Scarps are formed from the cooling of Mercury’s core, causing the planet’s surface to shrink. These scarps lack craters, which means that they must have formed within the last 50 million years.

BepiColombo hopes to further explore the tectonic activity of the Mercury, and what its surface is like.

Does Mercury have a magnetic field?

When Mariner 10 discovered that Mercury had a magnetic field, it was very unexpected. Mercury should have a solid core due its small size, but a magnetic field implies that some part of the core is molten or liquid.

MESSENGER found that the magnetic field is around three times stronger at its northern hemisphere than its southern hemisphere. This led to the theory that the planet’s core is solidifying from the outside in.

Mercury’s core now is thought to occupy two thirds of its mass and up to 85 percent of the planet’s radius. With such a large core, the magnetic field should also be large, close to the same strength as Earth’s. However, the actual strength of the magnetic field is only about 1 percent of Earth’s. This is probably due to the interactions of the planet with the solar wind. BepiColombo will tell us more about Mercury’s magnetic field and its occasional aurora.

Where is all the iron?

Mercury is the second densest planet in the solar system, after Earth. Because Mercury is so small, its core must be very dense, suggesting it is made from iron.

However, spectral observations made by MESSENGER showed no evidence of this. This means that the surface has very little iron.

One of BepiColombo’s biggest questions is therefore, where is all the iron?

Does Mercury have an atmosphere?

Unlike the permanent atmosphere of Earth, Mercury has a thin ‘exosphere’ which is constantly being blown away and replenished. The exosphere is made from molecules that have been vaporised from the surface, as well as hydrogen and helium from the solar wind. As the exosphere is bombarded by the solar wind, the molecules trail off the planet like a comet’s tail, to be replenished by more from Mercury’s surface, and the whole cycle begins again.

Marnier 10 found hydrogen, helium, and oxygen within the exosphere, and Earth-based observations have discovered sodium, potassium and calcium. MESSENGER also detected magnesium. Continuing the trend, BepiColombo is likely to find other new elements within Mercury’s tenuous exosphere.

Made in Leicester

The Mercury Imaging X-ray Spectrometer (MIXS) instrument on board the ESA spacecraft will look at planet in X-rays, giving us information about the what the surface is made of. This is particularly exciting for us because it has been partially developed and built here in Leicester and the Principle Investigator is Professor Emma Bunce, who specialises in planetary science at the University of Leicester.

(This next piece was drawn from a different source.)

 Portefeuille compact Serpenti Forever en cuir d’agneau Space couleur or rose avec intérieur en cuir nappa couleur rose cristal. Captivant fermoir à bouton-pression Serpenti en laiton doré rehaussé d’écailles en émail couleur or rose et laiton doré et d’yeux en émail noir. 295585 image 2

Find out more: Learn how lobster eyes have inspired the MIXS instrument.

The image below left shows an visible-light image taken from MESSENGER on the left. The next image is a simulated image in the X-ray range predicting what MIXS will see at the closest approach of the orbit. The third image shows a simulated image of what MIXS will see at the furthest approach, and the fourth images shows what MESSENGER observed in x-ray. This set of images shows how much more we will be able to learn from BepiColombo, compared to what was learnt from MESSENGER.